The median PFS (15.1 vs 8.9 months) and OS (not reached vs 16.5 months) also favored the MEDI5752 arm.

Among patients who were PD-L1–negative (< 1% expression on tumor cells), ORR again favored the experimental arm, 55.6% (95% CI, 21.2%-86.3%) vs 30.0% (95% CI, 6.7%-65.2%). Similarly, the median PFS was superior with MEDI5752 vs pembrolizumab, 13.4 vs 9.0 months.

Investigators also assigned 64 patients to 750-mg MEDI5752 plus chemotherapy in a single-arm cohort. These data include the first 50 patients who had at least 8 weeks of follow-up. One patient was not evaluable for response.

In this group, the ORR was 40.8% and 49% of patients had at least 30% reduction in target lesions. Among PD-L1–negative patients (n = 36), the ORR was 44.4% and 55.6% of patients had at least 30% reduction in target lesions.

At the July 12, 2022, data cutoff, the median follow-up was 22.8 months in the experimental arm (range, 0.8-26.9) and 14.5 months (range, 1.6-27.9) with the control.

The median patient age in the MEDI5752 arm was 63.0 years (range, 50-86) and men made up 70% of the cohort. The median age in the pembrolizumab arm was 70.0 years (range 48-78) and 81% of the cohort was male. Approximately 60% of patients in both groups had an ECOG performance score of 0.

Sixteen patients (80.0%) in the experimental arm were current or former smokers compared with 90.5% in the control arm. All patients in the MEDI5752 arm and 90.5% in the pembrolizumab arm had stage IV disease.

Four patients (20.0%) in the MEDI5752 arm had brain metastases and 2 (10.0%) had liver metastases compared with 3 (14.3%) and 4 (19.0%), respectively, in the pembrolizumab arm.

Nine patients (45.0%) in the experimental group were PD-L1 negative compared with 10 (47.6%) with the control.
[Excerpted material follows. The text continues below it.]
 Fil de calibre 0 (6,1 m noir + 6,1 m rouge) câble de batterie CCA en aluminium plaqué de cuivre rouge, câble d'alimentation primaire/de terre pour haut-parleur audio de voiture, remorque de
Investigators identified 5 oncogenic drivers in the MEDI5752 arm and 2 in the pembrolizumab arm.

In the 750-mg cohort, the median age was 67.0 years (range, 36-83) and 72.0% of group were men. Thirty-eight patients (76.0%) had an ECOG status of 1 and 88% were current or former smokers. Ninety-six percent had stage IV disease, 16.0% had brain metastases, 16.0% had liver metastases, and 72.0% were PD-L1 negative. Investigators identified 2 oncogenic drivers in this group.

Patients received 1500 mg MEDI5752 plus 5 area under the curve (AUC) carboplatin and 500mg/m2 pemetrexed every 3 weeks for 4 cycles followed by maintenance therapy MEDI5752 or pembrolizumab every 3 weeks until unacceptable toxicity, progression, or withdraw of consent. Patients in the single-arm cohort received 750 MEDI5752 plus pemetrexed on the same schedule.
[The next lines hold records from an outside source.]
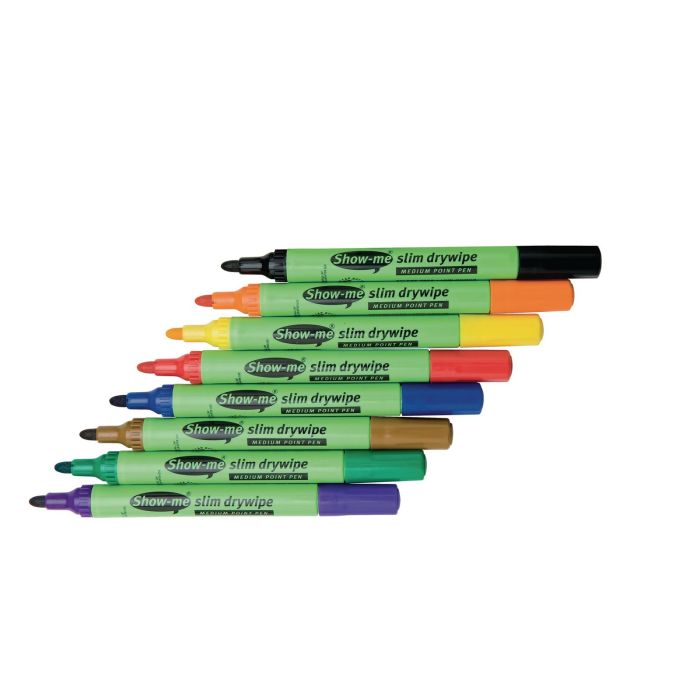 Show-me Whiteboard Marker Pens Assorted Bullet Tip - Pack of 50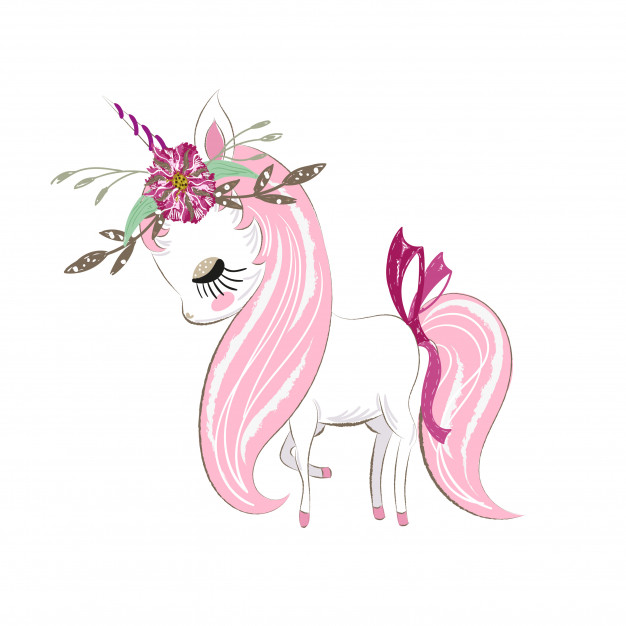 626x626 Cute Unicorn Girl Cartoon Hand Drawn Vector Premium Download - Unicorn Girl Drawing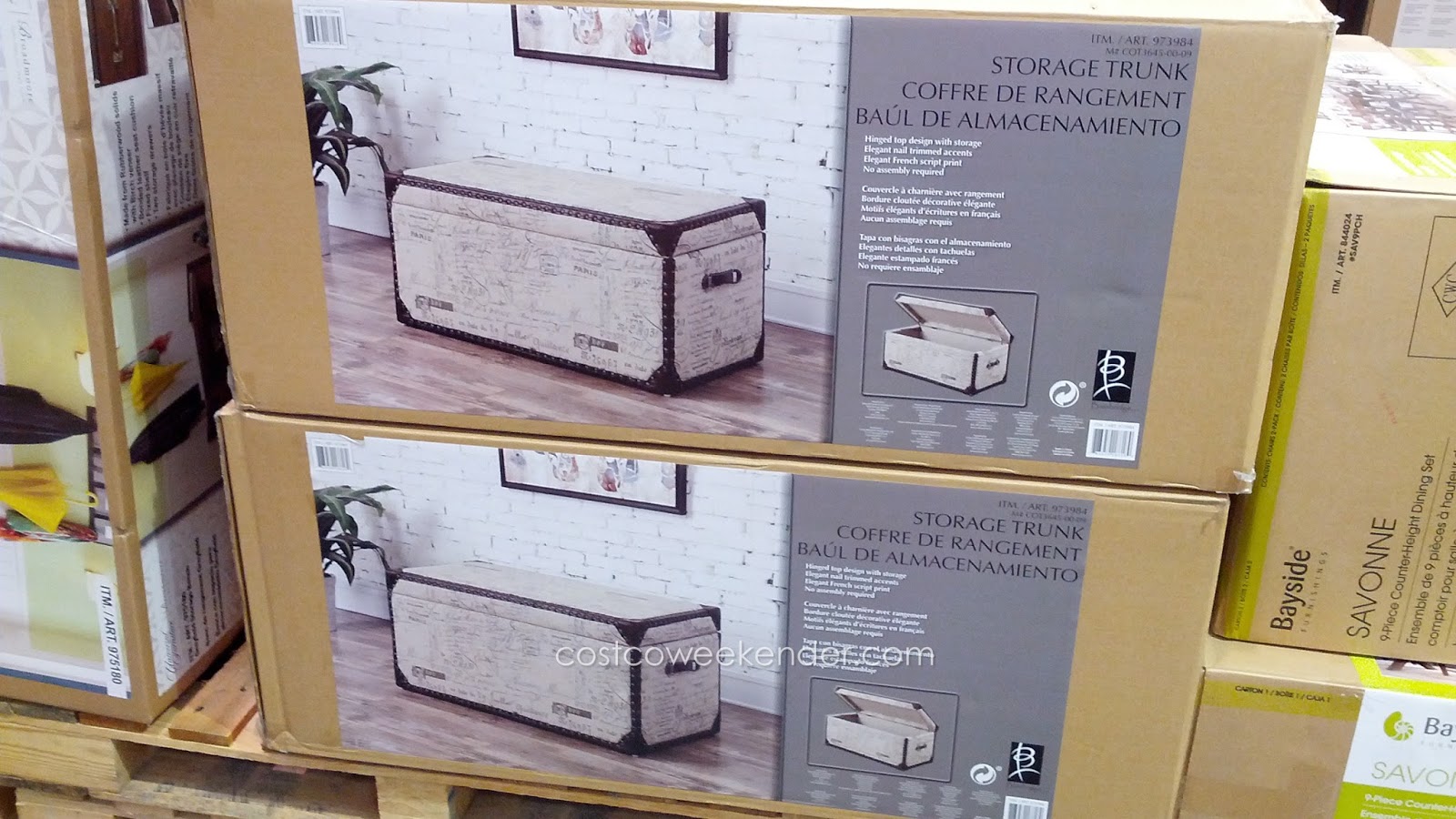 Bainbridge Home Avril Fabric Storage Trunk Costco Weekender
Fourteen patients (70.0%) in the 1500-mg group discontinued treatment compared with 6 (28.6%) in the pembrolizumab arm and 10 (20.0%) in the 750-mg group. Eighty percent of patients in the high-dose group experienced grade 3/4 treatment-related adverse events (TRAEs) compared with 61.9% in the pembrolizumab group and 50% in the low-dose group.

As expected, incidence of grade 3/4 TRAEs was much greater in the 1500-mg group compared with the 750-mg group. The most common grade 3/4 TRAEs were rash (10% vs 2%), alanine transaminase increased (30% vs 2%), aspartate transaminase increased (20% vs 2%), pneumonitis (5% vs 0%), and diarrhea (5% vs 2%).

“The emerging data of 750 mg plus chemotherapy showed a similar overall objective response with the improved tolerability less [and a lower] rate of discontinuation,” Ahn said. “This data suggests that MEDI5752 provides the potential options to improve the standard of care in first-line [for patients with] NSCLC, especially in those who have PD-L1–negative tumors.”

Invited discussant, Laura Mezquita, MD, PhD, a medical oncologist at Hospital Clínic de Barcelona in Spain, said it will be necessary to identify predictive biomarkers to determine which dose of MEDI5752, or possibly even a lower dose, is most appropriate for patients.

“This dose, 1500 mg, improves efficacy also in the PD-L1–negative population, however with very high toxicities and discontinuations,” she said. “Probably [the 750-mg dose] will be better, but we only have emerging activity …the safety profile is favorable, but longer follow-up is what is needed.”


Ahn MJ, Kim SW, Carcereny E, et al. MEDI5752 or pembrolizumab plus carboplatin/pemetrexed in treatment-naïve non-small-cell lung cancer: a phase 1b/2 trial. Presented at: European Society for Medical Oncology Congress 2022; September 9-13, 2022; Paris, France.